Item 17. Undertakings

         The undersigned Registrant on behalf of the PECO Energy Transition
Trust (the "Trust") hereby undertakes as follows:

         (a) (1) to file, during any period in which offers or sales are being
made, a post-effective amendment to this Registration Statement; (i) to include
any prospectus required by Section 10(a)(3) of the Securities Act of 1933, as
amended; (ii) to reflect in the prospectus any facts or events arising after the
effective date of the Registration Statement (or the most recent post-effective
amendment thereof) which, individually or in the aggregate, represent a
fundamental change in the information set forth in the Registration Statement.
Notwithstanding the foregoing, any increase or decrease in volume of securities
offered (if the total dollar value of securities offered would not exceed that
which was registered) and any deviation from the low or high end of the
estimated maximum offering range may be reflected in the form of prospectus
filed with the Commission pursuant to Rule 424(b) of the Securities Act of 1933,
as amended, if , in the aggregate, the changes in volume and price represent no
more than a twenty percent change in the maximum aggregate offering price set
forth in the "Calculation of Registration Fee" table in the effective
Registration Statement; and (iii) to include any material information with
respect to the plan of distribution not previously disclosed in the Registration
Statement or any material change in such information in the Registration
Statement; provided, however, that (a)(1)(i) and (a)(1)(ii) will not apply if
the information required to be included in a post-effective amendment by those
paragraphs is contained in periodic reports filed pursuant to Section 13 or
Section 15(d) of the Securities Exchange Act of 1934, as amended, that are
incorporated by reference in this Registration Statement.

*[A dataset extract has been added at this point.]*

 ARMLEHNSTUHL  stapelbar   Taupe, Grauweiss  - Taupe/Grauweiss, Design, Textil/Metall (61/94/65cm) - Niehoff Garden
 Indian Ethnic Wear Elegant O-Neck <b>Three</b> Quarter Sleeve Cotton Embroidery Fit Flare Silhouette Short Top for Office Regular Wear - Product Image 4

                                      II-2



<PAGE>



         (2) That, for the purpose of determining any liability under the
Securities Act of 1933, as amended, each such post-effective amendment shall be
deemed to be a new Registration Statement relating to the securities offered
therein, and the offering of such securities at that time shall be deemed to be
the initial bona fide offering hereof.

         (3) To remove from registration by means of a post-effective amendment
any of the securities being registered which remain unsold at the termination of
the offering.

         (b) That, for purposes of determining any liability under the
Securities Act of 1933, as amended, each filing of the Registrant's annual
report pursuant to Section 13(a) or 15(d) of the Securities Exchange Act of
1934, as amended (and, where applicable, each filing of an employee benefit
plan's annual report pursuant to Section 15(d) of the Securities Exchange Act of
1934, as amended) with respect to the Trust that is incorporated by reference in
the Registration Statement shall be deemed to be a new registration statement
relating to the securities offered therein, and the offering of such securities
at that time shall be deemed to be the initial bona fide offering thereof.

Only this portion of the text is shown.